Accessing Profile Information and Data
Information from the Profile studies is available in many formats, most of which can be accessed online at www.naccho.org/profile. Reports that detail the Profile studies' findings are available for all Profile studies except the 1996 Profile. Additional products that examine some issues in greater detail (eg, LHD workforce) are available for the more recent Profile studies. Many figures from the 2008 and 2010 Profile main reports are available as graphic images and PowerPoint slides, respectively, allowing users to incorporate the figures into their own presentations or reports. The Profile Web site also includes resources for researchers who wish to use the Profile data files, including copies of the instruments for each Profile study, codebooks, and an application form for obtaining Profile data. NACCHO has developed geographic information system shapefiles for LHDs in the Profile study population, which facilitates research that involves linking infrastructure data from the Profile with other kinds of data, such as indicators of community health status.

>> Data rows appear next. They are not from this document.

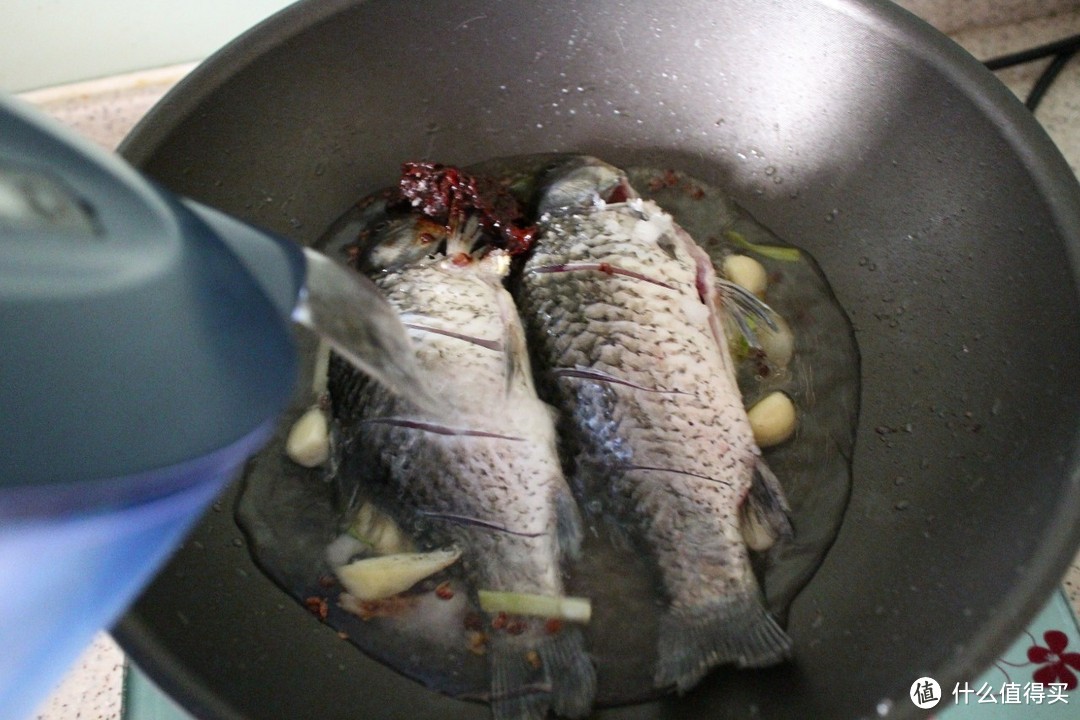 秋天这鱼最肥美，加1勺这种酱料红烧，鲜香味儿足，开胃又下饭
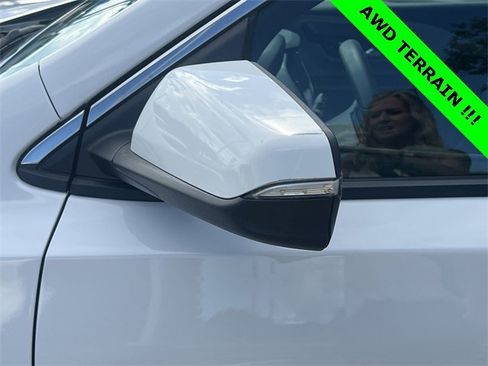 Used 2023 GMC Terrain SLE w/ Driver Convenience Package image 10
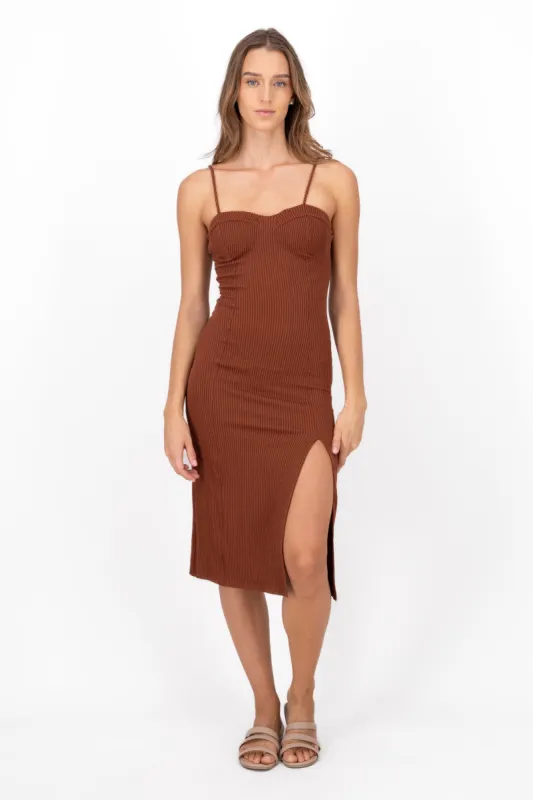 Vestido maxi con copas y textura sold by Shasa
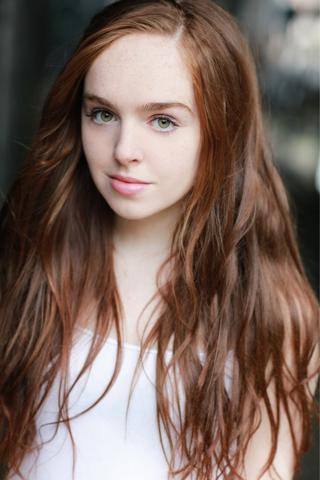  Louisa as Willow Jenks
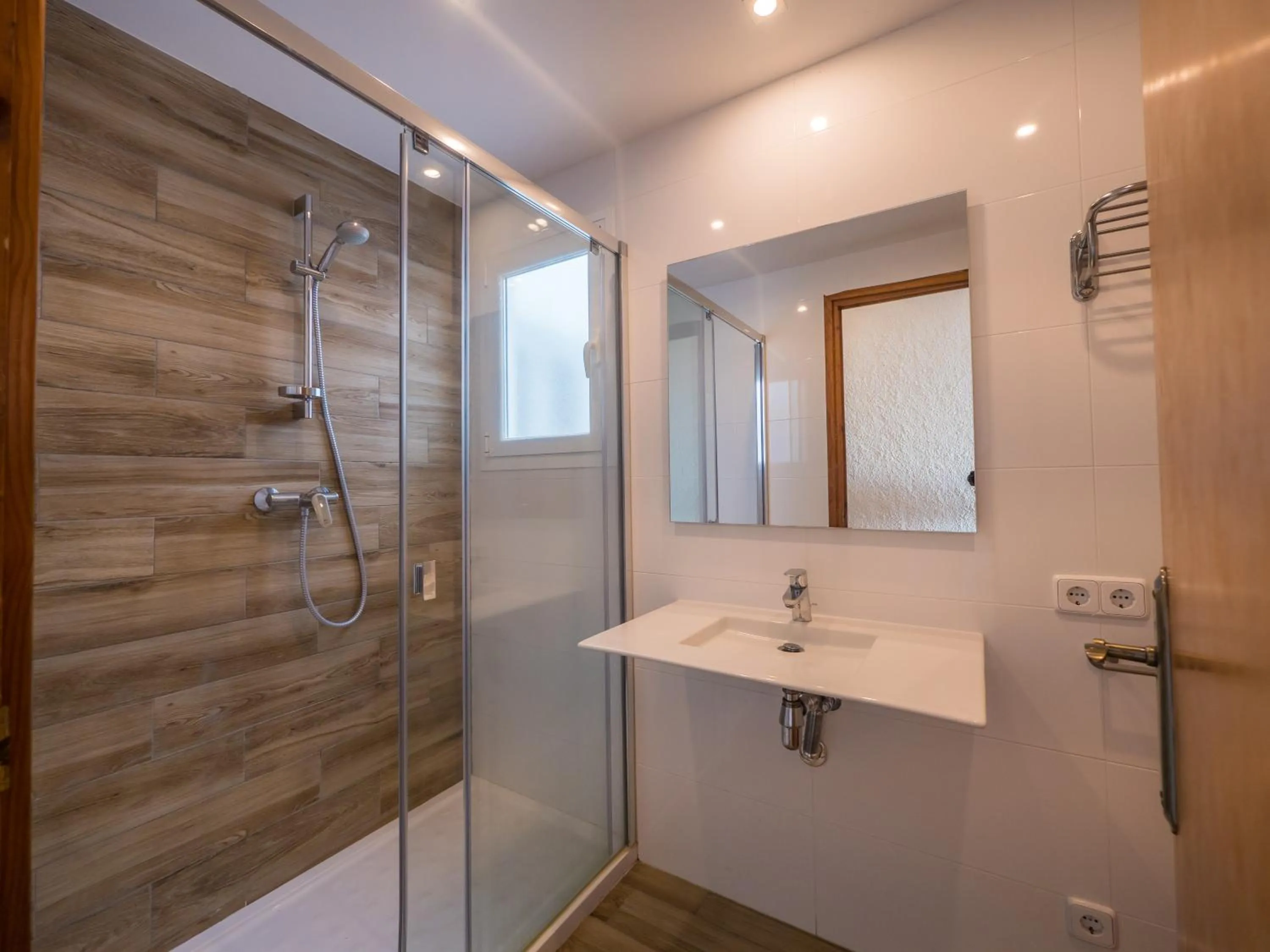 Shower in Apartamentos AR Muntanya Mar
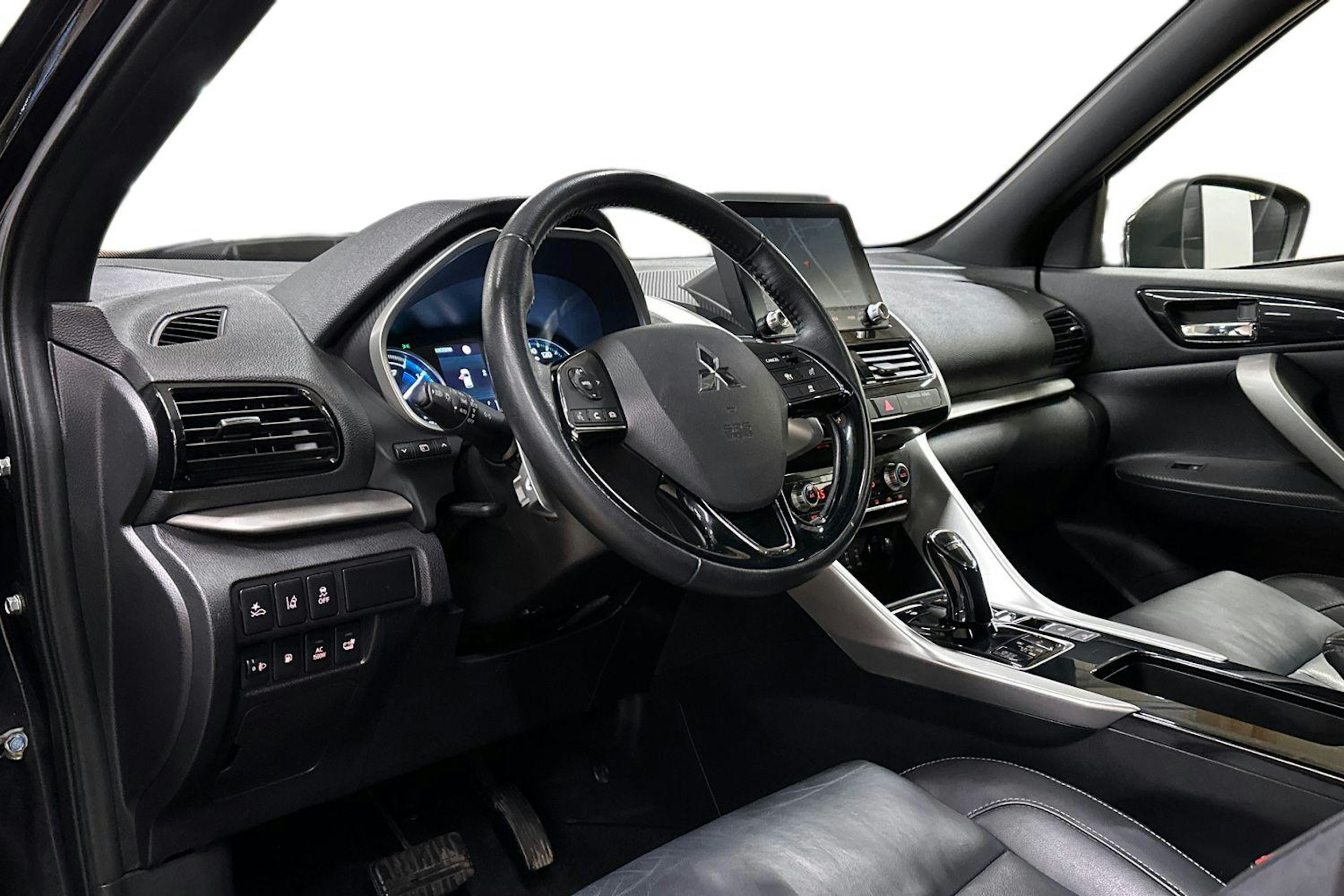 musta Mitsubishi Eclipse Cross 2021 kuva 7.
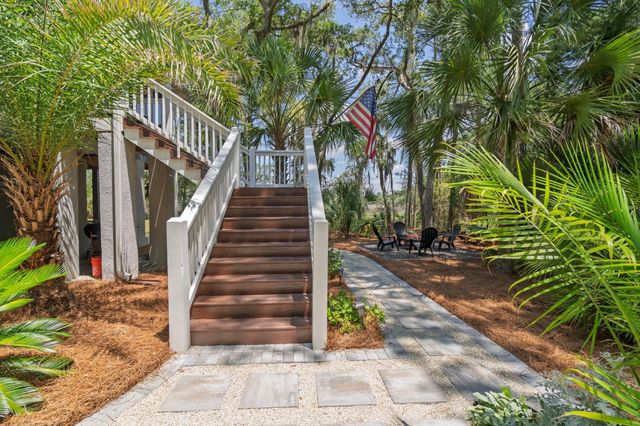 8840 Marsh Aire Lane, Edisto Island, SC 29438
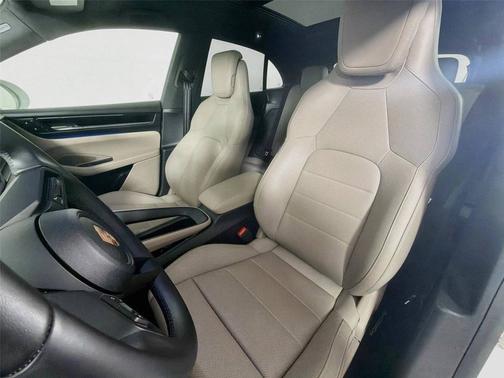 White 2025 Porsche Macan 4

NACCHO will soon launch Profile-IQ, a Web-based data query system (available at www.naccho.org/profile) that allows users to generate selected statistics (in table, graph, or map format) on LHD finances, workforce, and activities (currently includes data from 2010 Profile only). Profile-IQ allows users to select variables, measures, subgroups for comparison, and subsets of LHDs to produce summary statistics about these topics. The NACCHO hopes that Profile-IQ will make accessing and using Profile data easier for practitioners, policymakers, students, and others.